К вопросу о повторах: я с некоторым разочарованием наблюдал в вечеру, как Х** заявил (после двух ораторов, говоривших стоя), что отвечать на вопросы будет сидя; но представьте себе мое торжество, когда за фуршетом, отвечая какой-то культурноневменяемой тетехе, этот хохол произнес слово «нутряной» и чуть ли не рефлекторно (стояли жары) почесал муде! Отметив свой непроизвольный жест a posteriory, Х** через несколько фраз повторил слово «нутряной», и уже сознательно, повторно и выразительно положил руку на яйца, подтвердив тем самым свою интертекстуальную идентичность с уланом.
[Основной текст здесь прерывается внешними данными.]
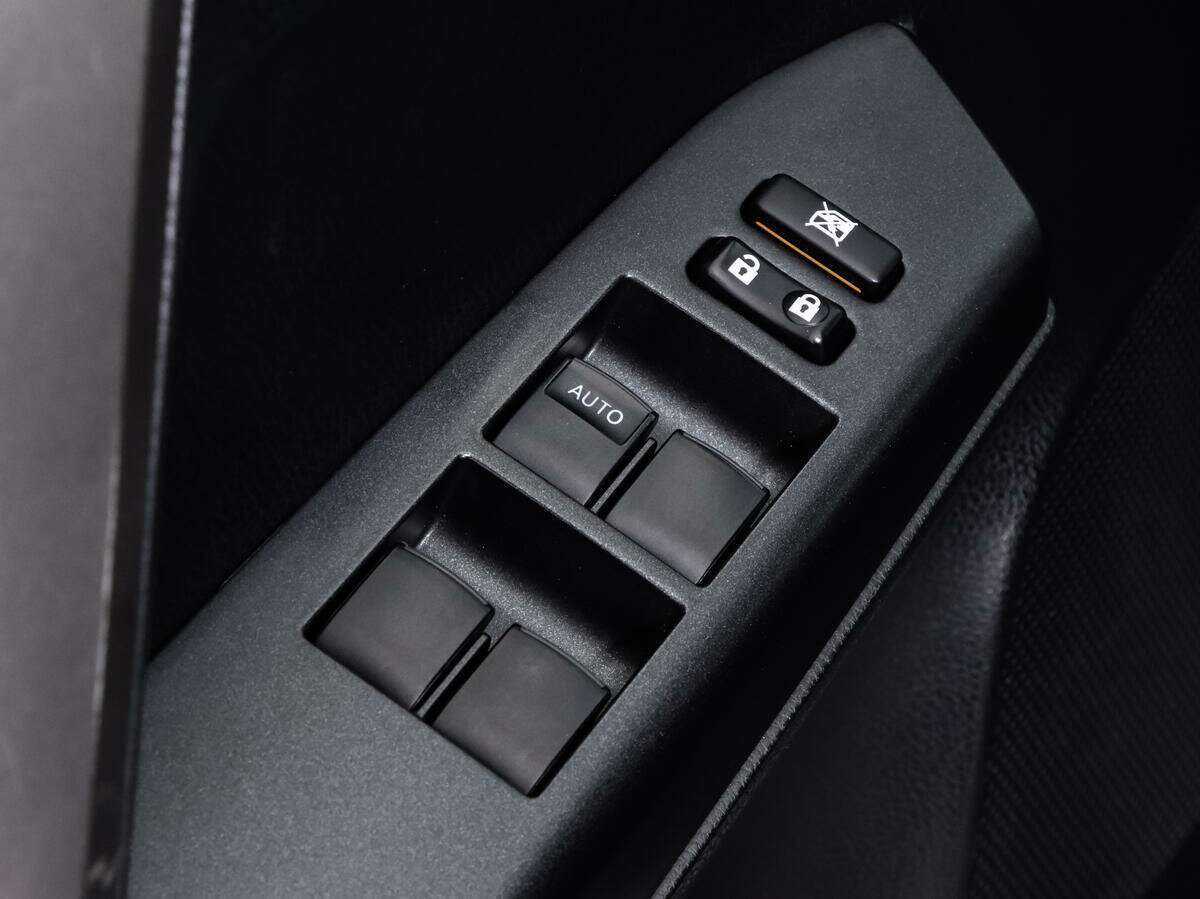 Toyota RAV4 с пробегом — 2017 год. Фото: #15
Как видите, я терпеливо ждал, пока иссякнет поток желающих пообщаться с заезжим властителем. Мое ожидание нарушил сам Х**, после очередной рюмки водки вдруг изъявивший желание разобрать дела, "пока я не окончательно напился" (расплывшиеся бордовые чернила не дали Мазепе дочитать донос до конца)
* * *
— Ты так изменился ко мне, Мазепа, — ласково сказала Мария, помешивая ложечкой чай. Мазепа сидел в тени, поглощая косые лучи вещей, and, in the kitchen, things: Peter chopping board, Alexander pepper mill, Minherz lemon squeezer, Kochubey cutlery, Karl cupboards, Repin oven, washing machine, dishwasher.
Известно, что когда Мазепа бывает злым, с виду он кажется гораздо неосторожней и проще, чем в обычное время. В такие критические дни он как никогда умеет самовластно привлечь к себе сердца и понять их тайную сущность. Он способен править чужими умами как никто другой, не удосуживаясь разделить способы управления на первобытное властительство и цивилизованную манипуляцию. Поэтому сейчас надменный красивый старик лишь кротко поедал куру, мягко качая головой в знак отрицания ее предположений.
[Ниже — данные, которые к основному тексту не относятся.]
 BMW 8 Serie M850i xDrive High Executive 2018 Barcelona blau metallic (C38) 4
— Ты строил куры Дульской, — ласково сказала Мария и прищурилась на мужа, невнятно чернеющего на том конце стола, meanwhile, in the kitchen, two Ivan tea bags jump from their tin and drop into two large Romanov cups.
Мазепа оторвался от куры и ласково вскинул на жену свои пронзительные молодые глаза.
— И ты ревнива? Я старый больной человек, стану ли я искать надменного привета самолюбивой красоты? Мне ли строить куры, вздыхать по бабам, влачить позорные оковы и искушать притворством чужих жен? — Мазепа ласково вздохнул и вернулся к куре, ловко орудуя ножом и вилкой.
* * *
— Ты строил куры Дульской, — пронеслось эхом в сводах бельэтажа. Орлик поник головой и потрогал в петлице увядший бутон розы, подаренной ему несколько дней назад самим императором. Доносить Кочубею или не доносить? Не низость ли это?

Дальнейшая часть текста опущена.